- Data -
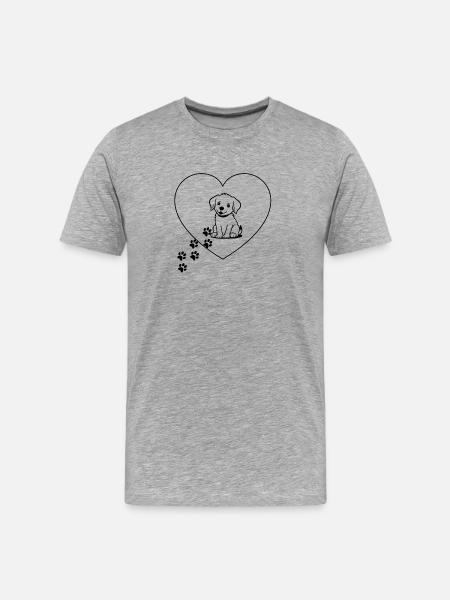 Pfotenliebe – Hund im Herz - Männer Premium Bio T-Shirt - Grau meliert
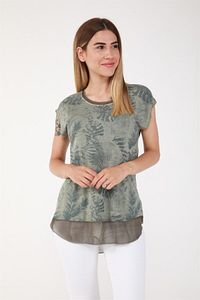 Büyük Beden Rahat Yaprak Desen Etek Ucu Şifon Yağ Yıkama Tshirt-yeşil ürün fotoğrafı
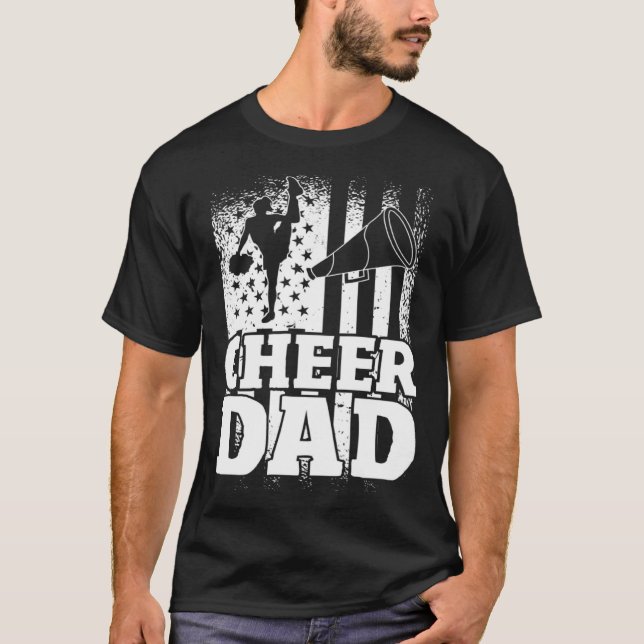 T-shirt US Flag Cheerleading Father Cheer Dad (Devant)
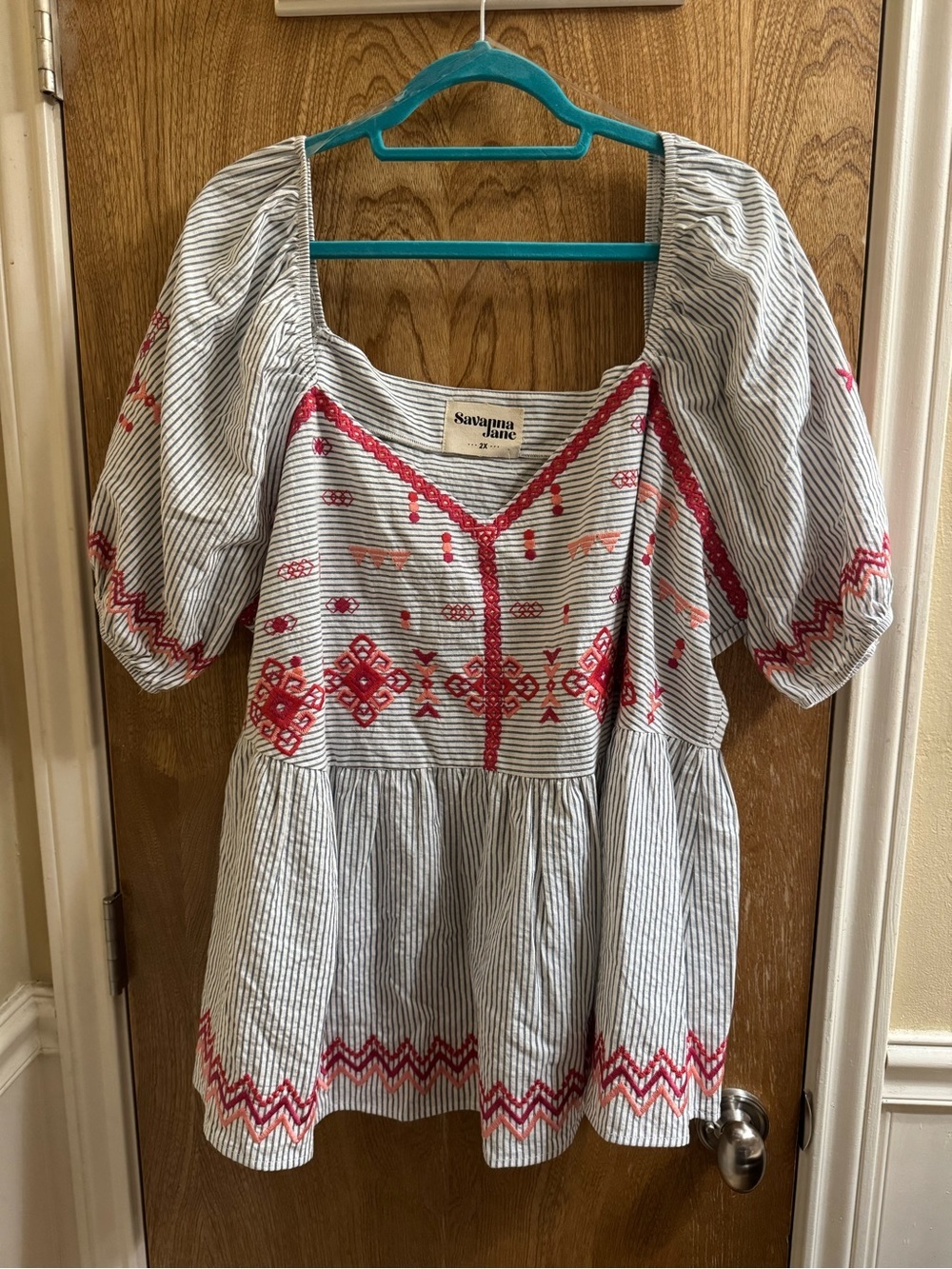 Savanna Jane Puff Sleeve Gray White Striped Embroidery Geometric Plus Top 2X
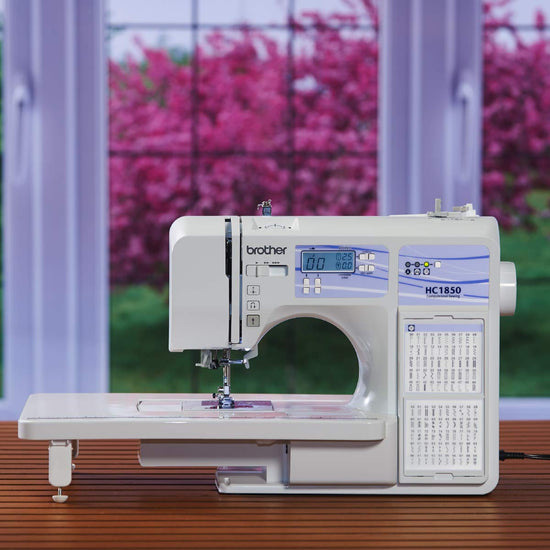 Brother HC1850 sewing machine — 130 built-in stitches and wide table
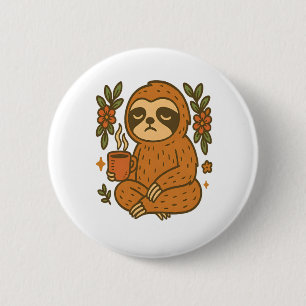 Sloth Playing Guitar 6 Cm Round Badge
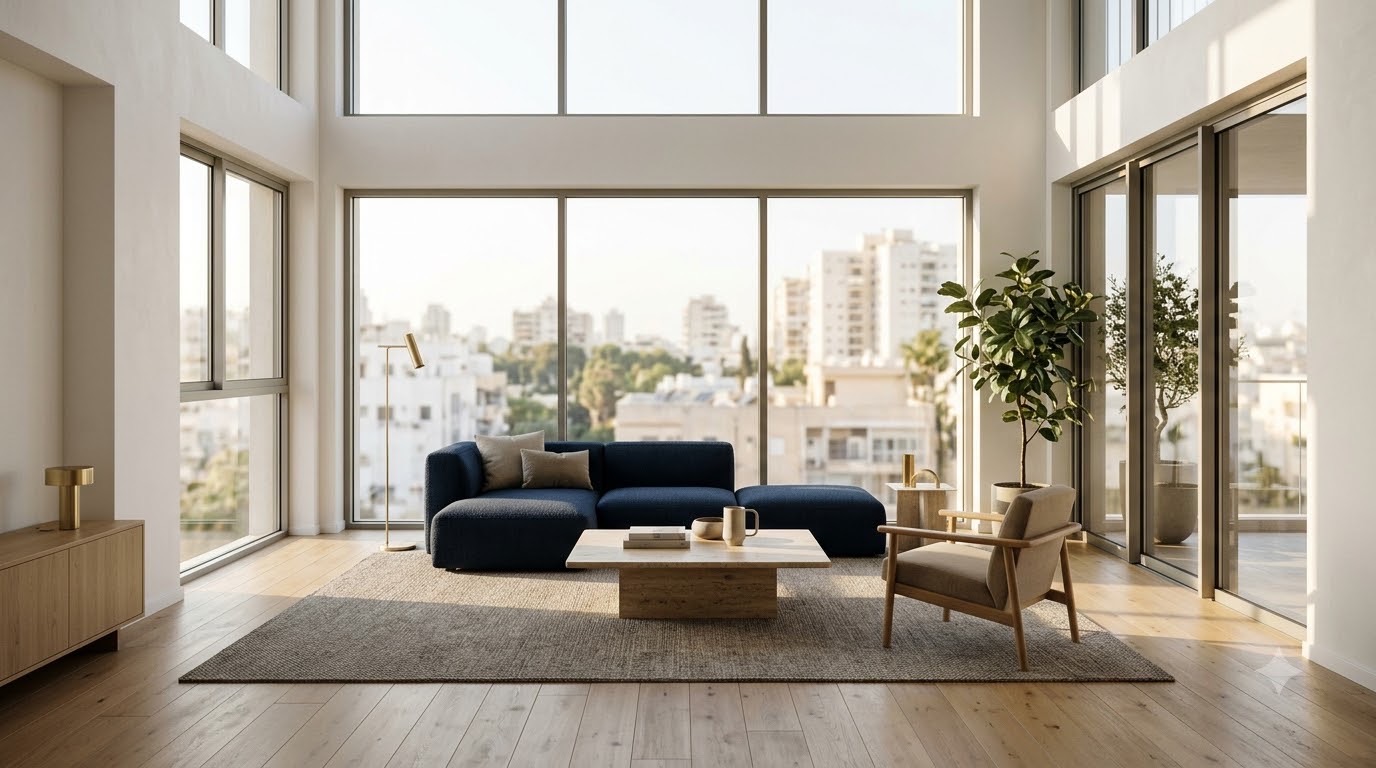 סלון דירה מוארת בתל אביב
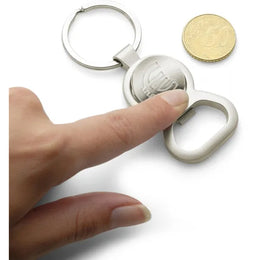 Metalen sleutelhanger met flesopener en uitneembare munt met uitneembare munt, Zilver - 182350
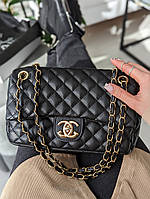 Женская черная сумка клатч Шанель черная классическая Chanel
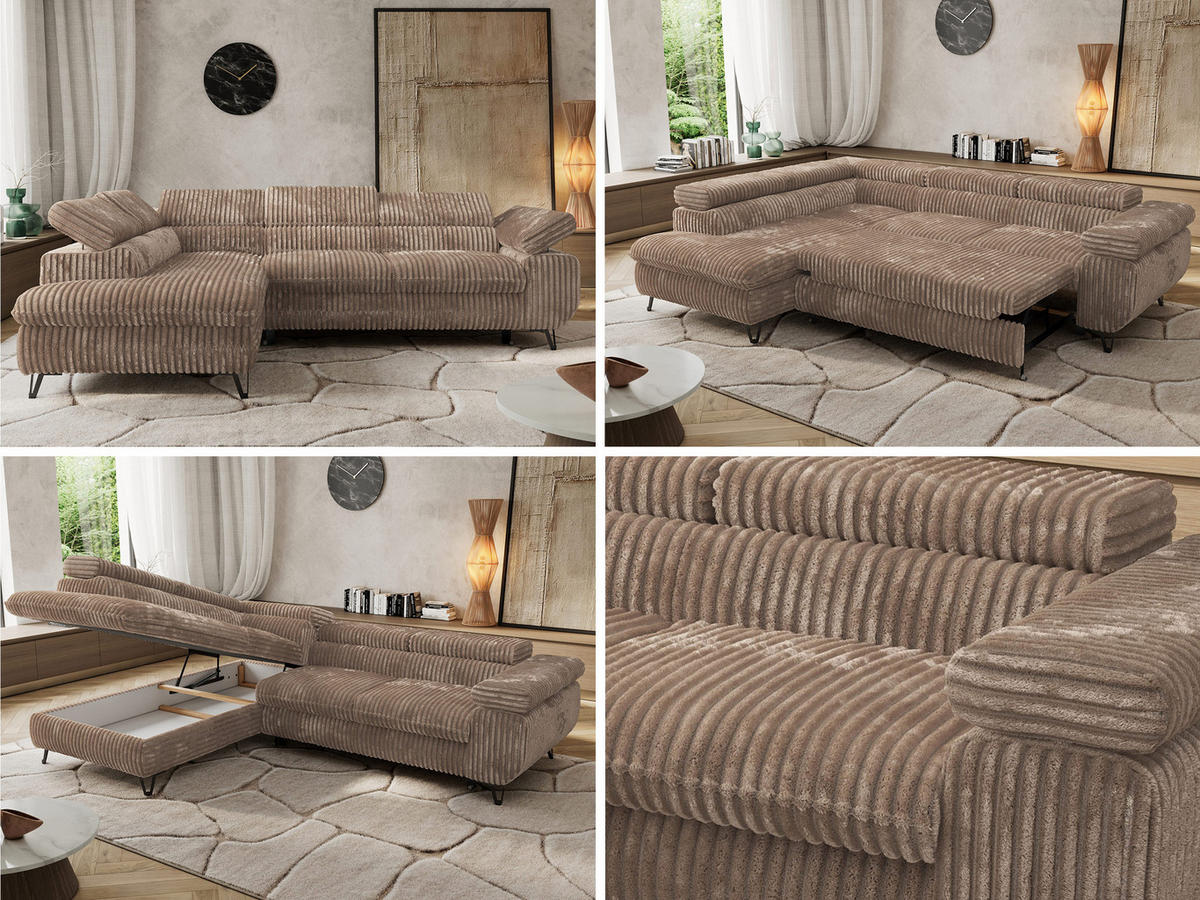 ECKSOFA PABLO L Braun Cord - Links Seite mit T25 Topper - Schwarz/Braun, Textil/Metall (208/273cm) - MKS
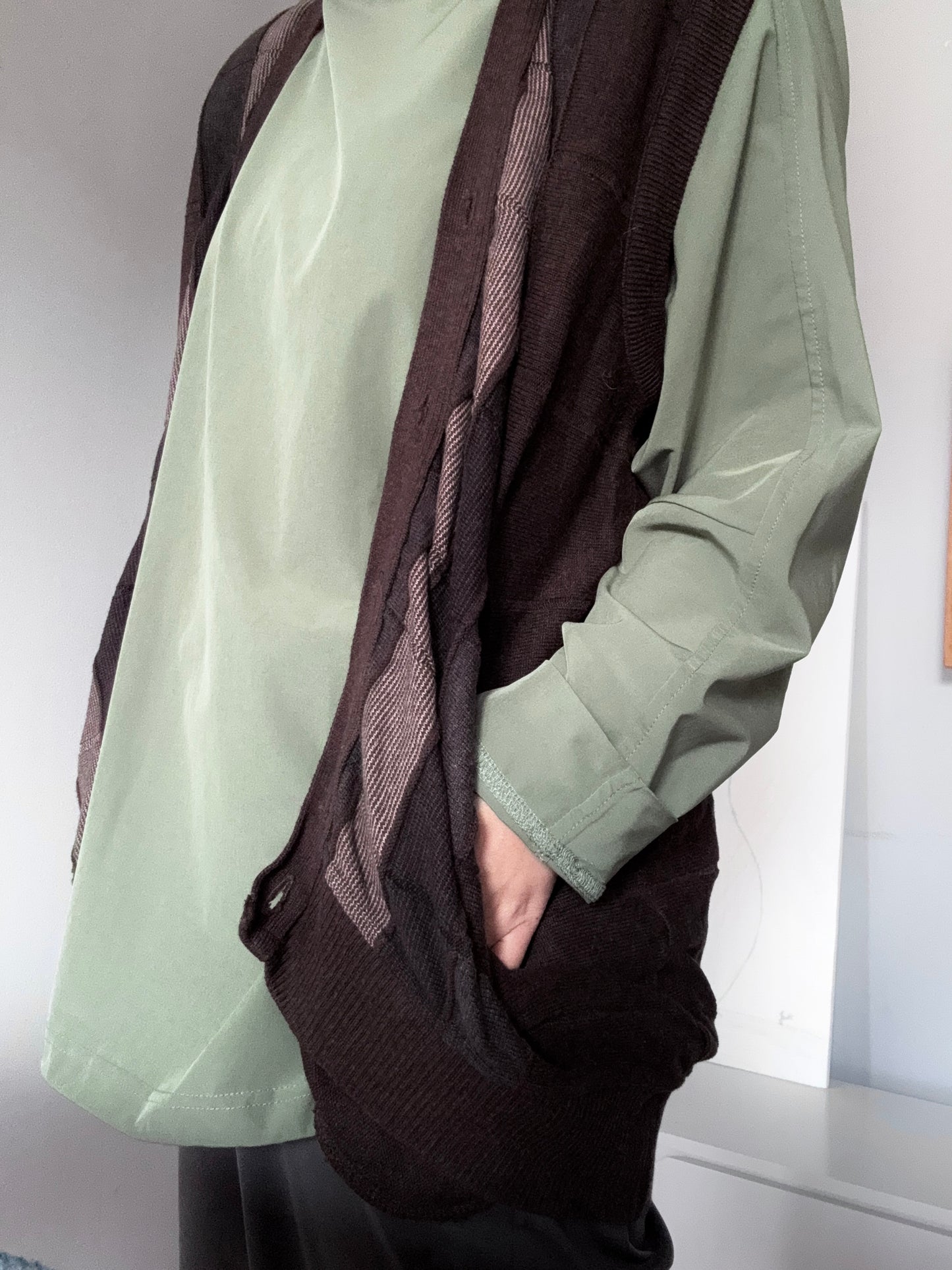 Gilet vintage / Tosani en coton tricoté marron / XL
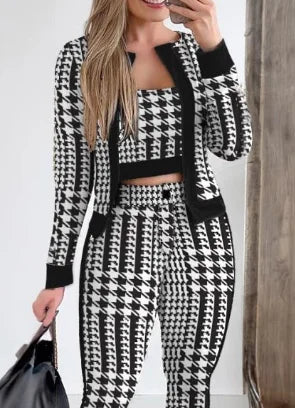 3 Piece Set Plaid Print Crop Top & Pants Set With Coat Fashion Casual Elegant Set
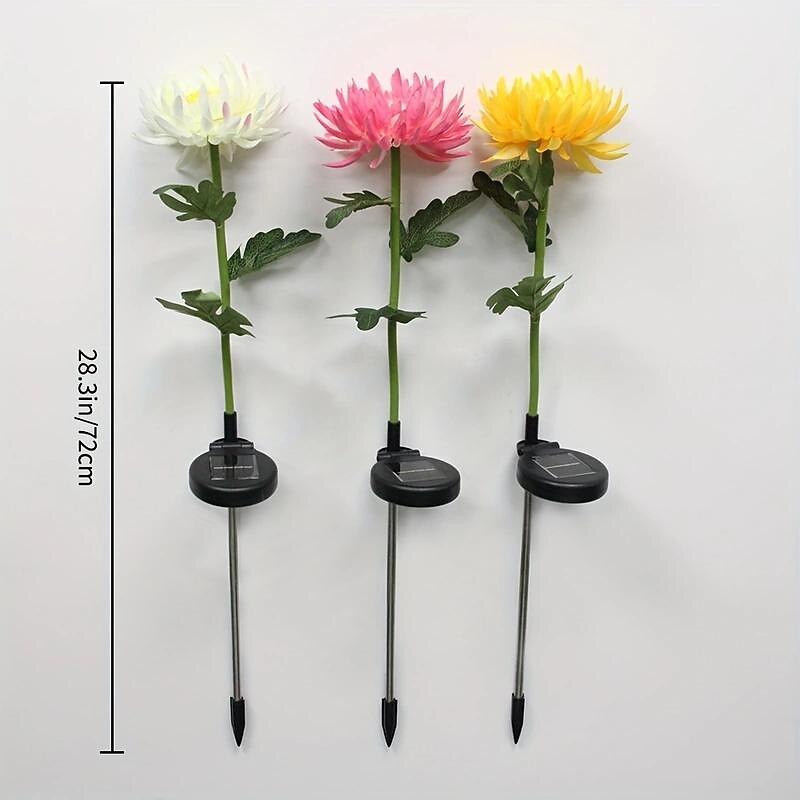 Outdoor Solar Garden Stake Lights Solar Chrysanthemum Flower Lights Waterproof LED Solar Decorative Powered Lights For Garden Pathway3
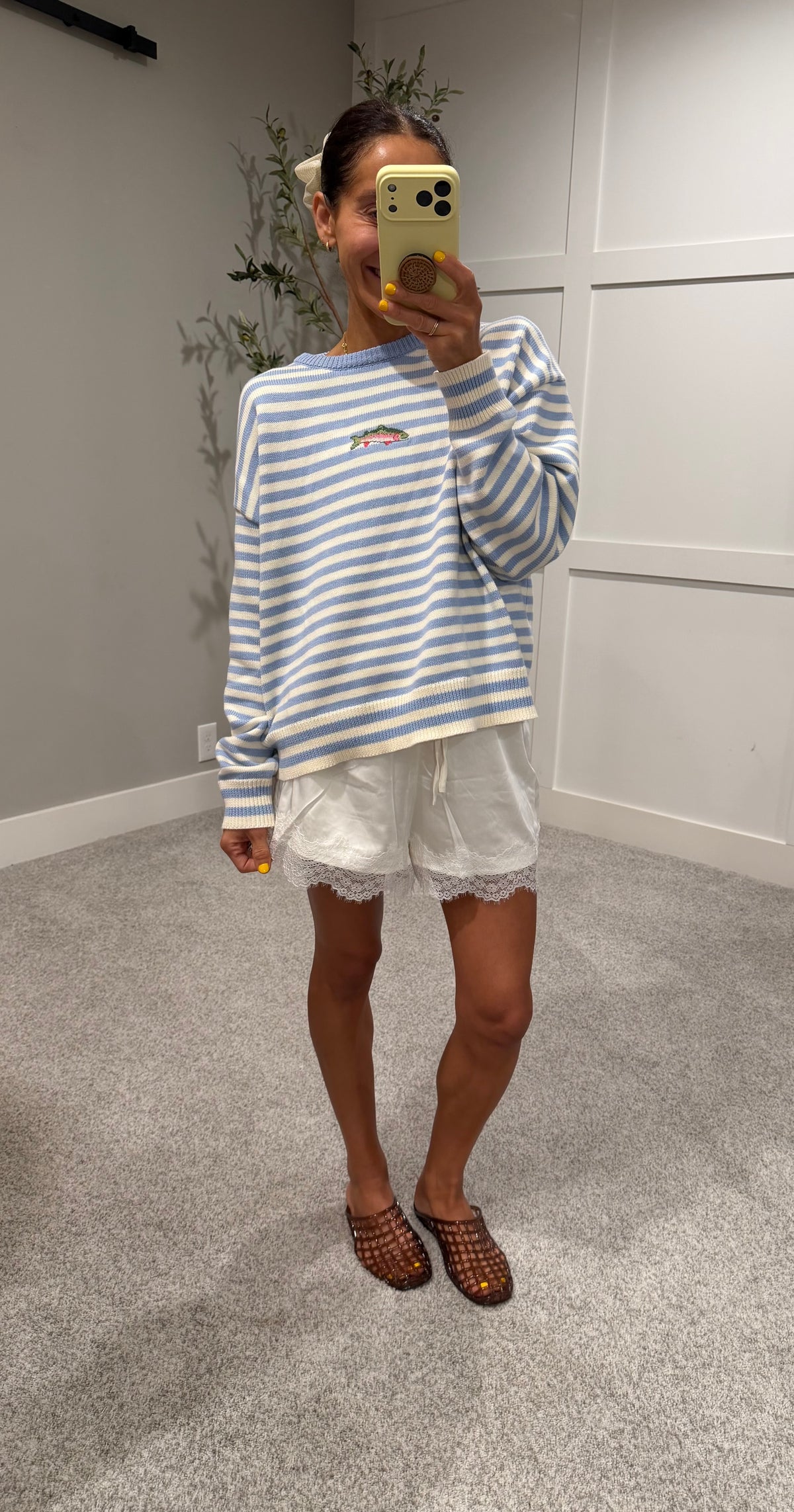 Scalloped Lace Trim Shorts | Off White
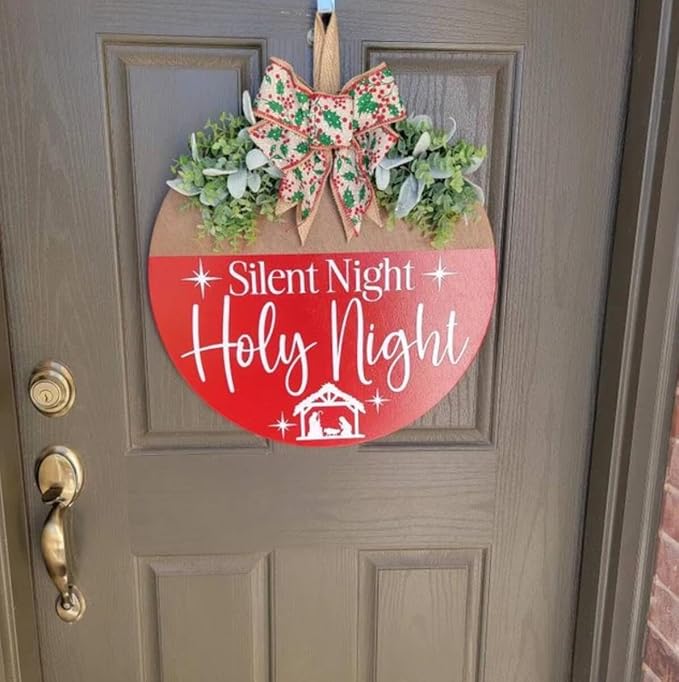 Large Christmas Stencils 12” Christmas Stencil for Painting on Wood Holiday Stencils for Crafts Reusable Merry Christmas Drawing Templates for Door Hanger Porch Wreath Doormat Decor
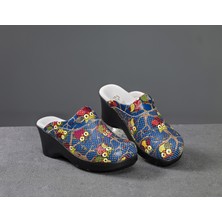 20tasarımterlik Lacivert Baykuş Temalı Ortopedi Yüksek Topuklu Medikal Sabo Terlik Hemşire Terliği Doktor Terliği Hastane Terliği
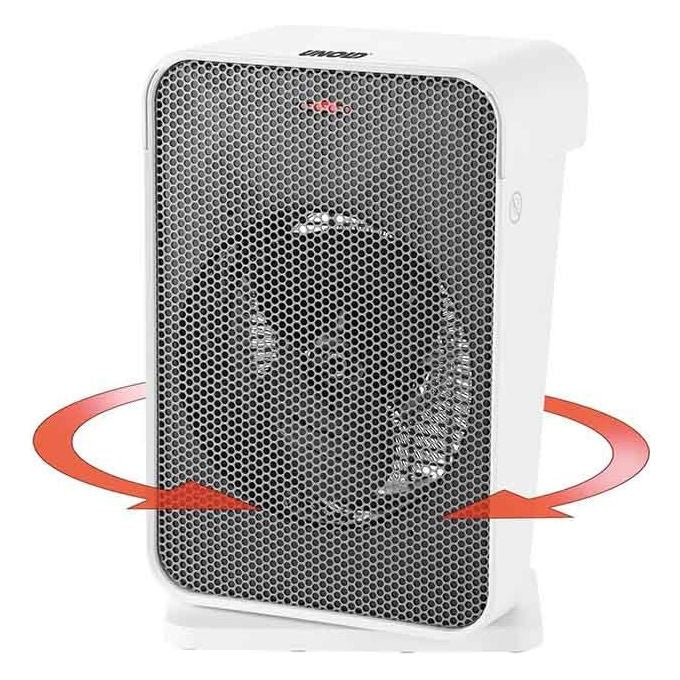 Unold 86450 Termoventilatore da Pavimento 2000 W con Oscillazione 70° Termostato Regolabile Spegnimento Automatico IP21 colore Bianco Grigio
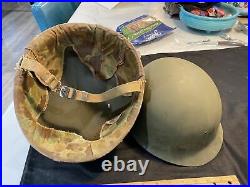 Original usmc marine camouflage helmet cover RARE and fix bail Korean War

- The task -
All entries need repeating exactly, but without the pictures.

- Answer to this problem -
 Pfotenliebe – Hund im Herz - Männer Premium Bio T-Shirt - Grau meliert
 Büyük Beden Rahat Yaprak Desen Etek Ucu Şifon Yağ Yıkama Tshirt-yeşil ürün fotoğrafı
 T-shirt US Flag Cheerleading Father Cheer Dad (Devant)
 Savanna Jane Puff Sleeve Gray White Striped Embroidery Geometric Plus Top 2X
 Brother HC1850 sewing machine — 130 built-in stitches and wide table
 Sloth Playing Guitar 6 Cm Round Badge
 סלון דירה מוארת בתל אביב
 Metalen sleutelhanger met flesopener en uitneembare munt met uitneembare munt, Zilver - 182350
 Женская черная сумка клатч Шанель черная классическая Chanel
 ECKSOFA PABLO L Braun Cord - Links Seite mit T25 Topper - Schwarz/Braun, Textil/Metall (208/273cm) - MKS
 Gilet vintage / Tosani en coton tricoté marron / XL
 3 Piece Set Plaid Print Crop Top & Pants Set With Coat Fashion Casual Elegant Set
 Outdoor Solar Garden Stake Lights Solar Chrysanthemum Flower Lights Waterproof LED Solar Decorative Powered Lights For Garden Pathway3
 Scalloped Lace Trim Shorts | Off White
 Large Christmas Stencils 12” Christmas Stencil for Painting on Wood Holiday Stencils for Crafts Reusable Merry Christmas Drawing Templates for Door Hanger Porch Wreath Doormat Decor
 20tasarımterlik Lacivert Baykuş Temalı Ortopedi Yüksek Topuklu Medikal Sabo Terlik Hemşire Terliği Doktor Terliği Hastane Terliği
 Unold 86450 Termoventilatore da Pavimento 2000 W con Oscillazione 70° Termostato Regolabile Spegnimento Automatico IP21 colore Bianco Grigio
 Original usmc marine camouflage helmet cover RARE and fix bail Korean War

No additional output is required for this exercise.